You can drive the limit price from:

  • offset
  • price

Use TradingView Order Syntax first if you need the full command structure before working through individual command types.

ALPHA(BTCUSDT){type=limit,side=buy,amount=0.001,offset=-1%}
  • type=limit
  • side=buy or side=sell
  • amount=...
  • position=...
  • offset=...
  • price=...
  • reduceOnly=true
  • postOnly=true
  • tp=...
  • sl=...
  • tag=...
ALPHA(BTCUSDT){type=limit,side=buy,amount=0.001,offset=-1%}
ALPHA(BTCUSDT){type=limit,side=sell,amount=0.001,offset=1%}
ALPHA(BTCUSDT){type=limit,side=buy,amount=0.001,offset=@68000}

or:

ALPHA(BTCUSDT){type=limit,side=buy,amount=0.001,price=@68000}
ALPHA(BTCUSDT){type=limit,position=0,offset=1%,reduceOnly=true}
ALPHA(BTCUSDT){type=limit,side=buy,amount=0.001,offset=-1%,tp=1%,sl=0.5%}

If you do not specify postOnly, the current execution flow defaults limit orders toward post-only behavior in the common limit path.

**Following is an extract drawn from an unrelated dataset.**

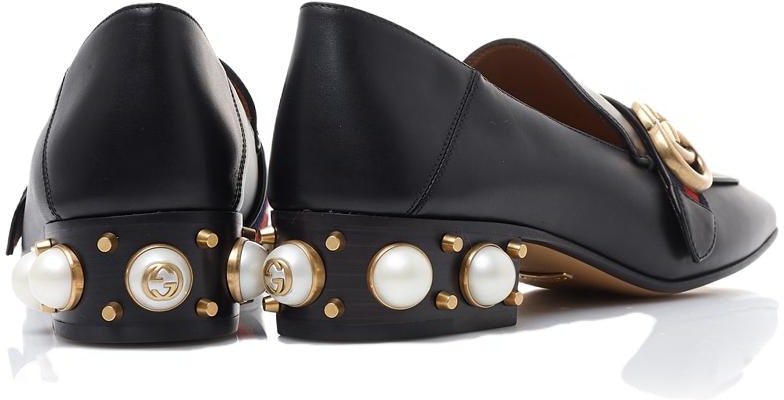 (Women) Gucci Leather Mid-Heel Loafer Black 423559-DKHC0-1061 Purchase (Women) Gucci Leather Mid-Heel Loafer Black 423559-DKHC0-1061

If you want to be explicit, set it yourself:

postOnly=true

Relative to current or reference price.

Examples:

offset=1%
offset=-1%
offset=@68000
offset=e1%

Explicit order price or price token.

Examples:

price=@68000
price=1%
price=e1%

If the offset cannot resolve into a valid price, the command is skipped.

A post-only order can be rejected if it would take liquidity immediately.

For exit-style workflows, that can produce the wrong order semantics.